3.4. Algorithm Flow Chart

The main algorithm in this pape constructs a neighborhood sample space sampling model to obtain the corresponding samples and then uses a random forest classifier to classify them, and finally fuses the obtained different simultaneous classification data by voting; LANDSAT 8 images are used to verify the classification results from the county scale. The specific process and pseudo-code are shown in Figure 5 and Algorithm 1.

Algorithm 1 Pseudocode of the algorithm.

Input: image.

Output: Fusion result diagram.

1:: Use GPS sampling points to obtain samples.
2:: Obtain training samples and validation samples by
$R (x_{k}, y_{k}) = \{\begin{matrix} T S, \sqrt{{(x_{k} - X_{k})}^{2} + {(y_{k} - Y_{k})}^{2}} < T \\ V S, e l s e \end{matrix}$ .
3:: Use random forest classifier acquisition time series for classification results graph.
4:: Obtain the fusion result graph by $p_{i} (x, y) = \{\begin{matrix} i, \frac{N_{\underset{i \in k}{c l a s s i}} (x, y)}{N (x, y)} \geq \frac{1}{2} \\ o t h e r, e l s e \end{matrix}$ .
5:: Use LANDSAT 8 to interpret data and validation samples for accuracy verification.
6:: return Fusion result diagram.

4. Experimental Results and Analysis

4.1. Setting of RF Parameters

The random forest classifier is a decision tree modeling of resampled multiple samples, which is freely grown into a single decision tree using the CART algorithm, and then the results are predicted by voting. In this paper, the impurity function (impurity) in the decision tree definition node splitting in the random forest algorithm of integrated learning uses the entropy and gini index. In order to facilitate the adjustment of parameters, this paper uses the 3 March 2013 image. The relationship between the number of trees, the overall classification accuracy, and the time taken to create the model is explored on the basis of the entropy and gini index of the random forest classifier selected for integrated learning. The ntree indicates the number of trees, the default number of variables is 3, and the parameters are custom adjusted; ntree = 30, 60, 70, 80, 90, 100, 110, 150 for the test, as shown in the following table, regardless of whether the impurity function is entropy or the gini index. As ntree increases, the time taken to create the model gradually becomes longer. From the image results of 3 March 2013, the overall accuracy of the impurity function using entropy classification is greater, but due to the difference in the impact of each image, after testing the image maps of other time phases, it was found that the overall difference in the accuracy results of the two functions is not very high.

As shown by the experiments in Figure 6 and Figure 7, regardless of whether the impurity function uses entropy or the gini index, the extraction accuracy is insensitive to the ntree setting, so the random forest can be used without human guidance. However, as ntree increases, the time taken to create the model gradually becomes longer. Weighing the overall accuracy and time consumption cost, for the random forest algorithm in this study, we set the default tree parameter to 100 and the impurity function to the gini index. The following experimental results are based on this parameter.

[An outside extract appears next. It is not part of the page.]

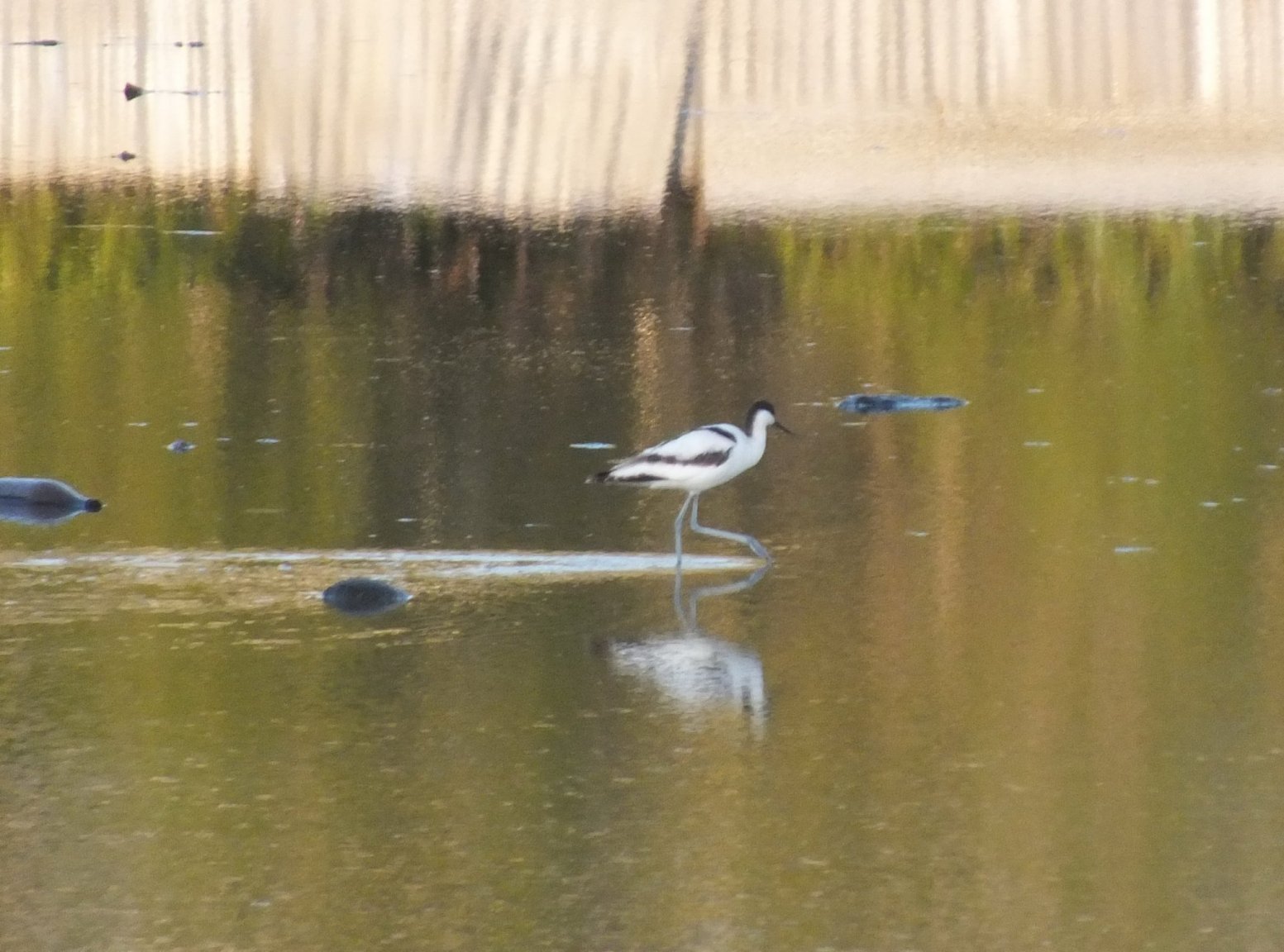Pied Acocet 2.jpg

4.2. Analysis of the Feasibility of the Results

Because the surface information reflected in the growth of winter wheat varies and each year’s wheat growing area is different, this paper first selects the total samples as ROI(region of interest) files based on LANDSAT 8 image interpretation data and a priori knowledge in each cropped image from 2011 to 2014, and then imports the original images and corresponding ROIs into the Training Dataset Processor v3.0 system, divided into training and evaluation samples in the ratio of 7:3. Each image was classified using the same samples with random forest (RF), minimum distance (MMD), Mahalanobis distance (MD), maximum likelihood (ML), support vector machine (SVM), SpectralFormer (SF), and VIT classifiers. The parameters of the tree of RF were adjusted to 100 and the number of iterations of SF and VIT were set to 300. Taking the 3 March 2013 image as an example, Table 1 shows the mapping accuracy and the overall accuracy results of the images extracted with seven classifications for winter wheat. The mapping accuracy refers to the ratio of the number of pixels (diagonal values) of the classifier that correctly classifies the pixels of the whole image into a certain class to the total number of such true references (the sum of such columns in the confusion matrix).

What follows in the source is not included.